During Alaska winters sharp-tailed grouse rely heavily on dwarf-birch catkins for food, varying their diet when they can with grass seeds, waste barley, and overwintering berries. In the spring they are often observed ‘budding’ in young aspen trees. At this time they also feed on overwintering berries (especially kinnikinnick) and emerging green leafy vegetation. In summer, green leafy vegetation and insects are important food sources. In years when grasshoppers are abundant, sharptails often feed exclusively on them while they are available. The crops of sharp-tailed grouse taken in September usually hold kinnikinnick berries, lowbush cranberries, blueberries, grains, and various leaves and leaf fragments. Sharptails will also feed in unharvested grain fields in central Alaska, as long as the grain shows above the snow.
When several inches of snow covers the ground, the flocks, which formed early in the fall, begin to move about. Adult males often stay closer to lek sites in winter, while females and young wander more widely. Radio-tagged sharptails summering in the agricultural areas near Delta Junction migrated up to 50 miles to wintering areas. Like other grouse and ptarmigan, this species takes advantage of the insulation and concealment provided by the fluffy snows of Interior Alaska by roosting at night in snow burrows or hollows.
Range and Habitat
Sharp-tailed grouse are found in the Yukon River Valley from Canada to Holy Cross, and in the valleys of the Upper Koyukuk, Upper Kuskokwim, Tanana, and Upper Copper rivers.
Fire is important in the ecology of the sharp-tail, since fire maintains the brushy grasslands that are one of the preferred habitats. Other rather open vegetation types are also used, such as spruce bogs, scrubby woodlands, and birch-aspen parklands. Timberline and muskeg habitat are a more stable source of habitat for sharp-tailed grouse in Alaska. Sunny, grassy knobs are important features of breeding grounds. Dwarf birch bushes on which they feed are an important component of their winter range.
They can be found perching high in spruce trees or hiding in thick underbrush. In the winter, sharp-tails burrow into snow at night for insulation and concealment.
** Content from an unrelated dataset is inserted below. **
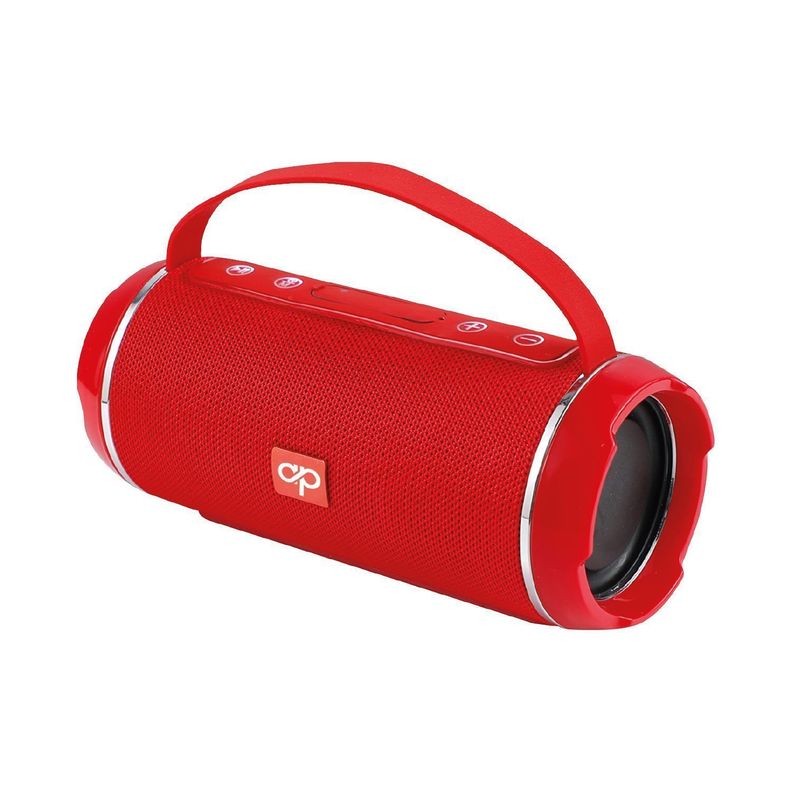 Parlante Portatil Bluetooth 10W RMS USB Rojo Audiopro-0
Status, Trends, and Threats
- NatureServe: G5
- IUCN: LC (Least Concern)
Abundance of Alaska game birds varies widely over the years, but rarely are these fluctuations in the classic “10-year cycle.” The blue grouse of southeastern Alaska and the spruce grouse of coastal areas apparently never drop to low levels like the spruce, ruffed, and sharp-tailed grouse of Interior Alaska. Causes of the fluctuations are not understood but may involve recurrent changes in climate, food and cover conditions, predator abundance (which can be related to snowshoe hare cycles), or genetic makeup of the bird populations. Cold wet springs can cause high mortality in young birds. Heavy hunting pressure is never exerted over a large enough area to be responsible for the widespread changes.
Weight: 2 lbs
Length: 16–19 inches
Up to seven years
The Interior valleys of Alaska and their foothills
Dwarf-birch catkins, grass seeds, waste barley, overwintering berries, emerging green leafy vegetation, insects.
Breed annually in late April to early May. Females lay 6–15 eggs.